*** Opening of SOURCE MATERIAL ***
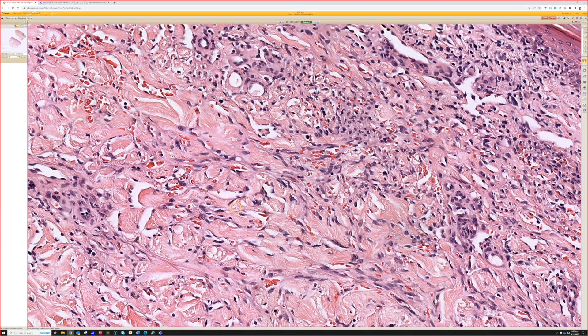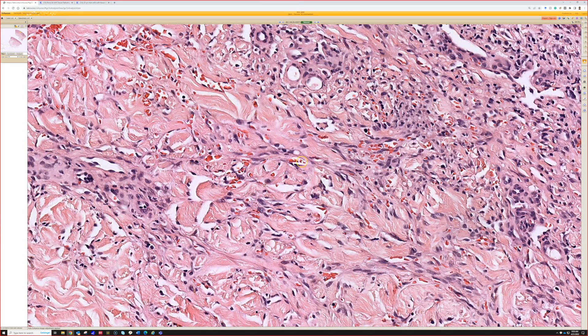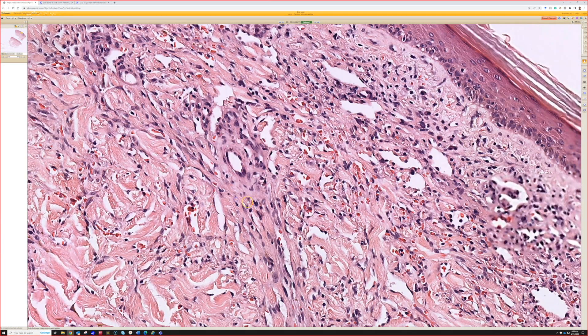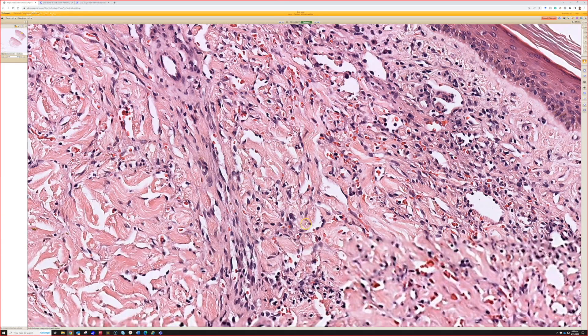On higher power, you can really see that there's actually a lot of slit-like vessels containing erythrocytes — so not really the morphology of angiosarcoma, but you'd keep that on the differential. But this would be good for Kaposi's.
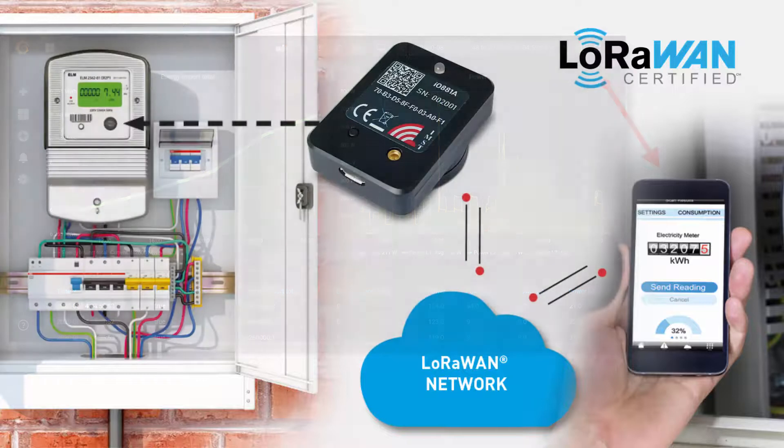The user-friendly configuration tool offers an easy way to modify the radio, calendar, and filter settings. All those benefits turn into far greater and more detailed feedback regarding energy use and more efficient use of resources.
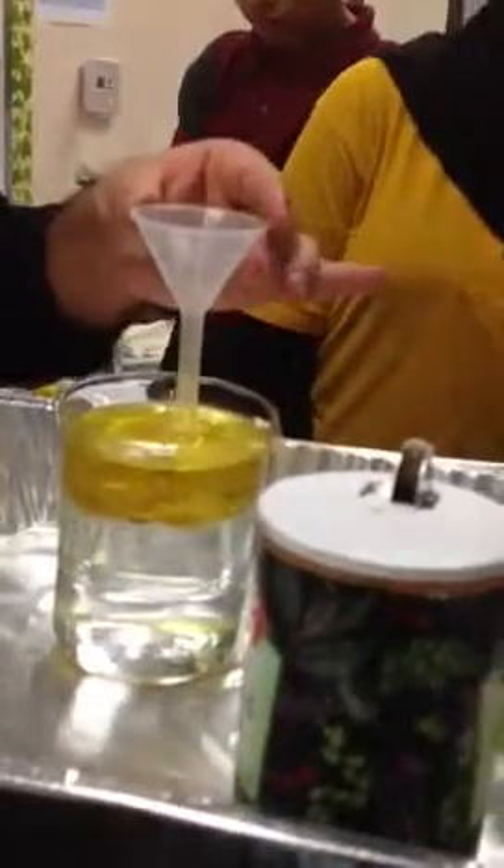What are you doing? We cannot put food coloring right now. Yeah, you can. It's going to go down. No, it's not. Okay, try it. Let's try it.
*** Close of SOURCE MATERIAL ***
PROMPT: Give back the material above word for word; no picture belongs in it.

EXPECTED ANSWER:
On higher power, you can really see that there's actually a lot of slit-like vessels containing erythrocytes — so not really the morphology of angiosarcoma, but you'd keep that on the differential. But this would be good for Kaposi's.
The user-friendly configuration tool offers an easy way to modify the radio, calendar, and filter settings. All those benefits turn into far greater and more detailed feedback regarding energy use and more efficient use of resources.
What are you doing? We cannot put food coloring right now. Yeah, you can. It's going to go down. No, it's not. Okay, try it. Let's try it.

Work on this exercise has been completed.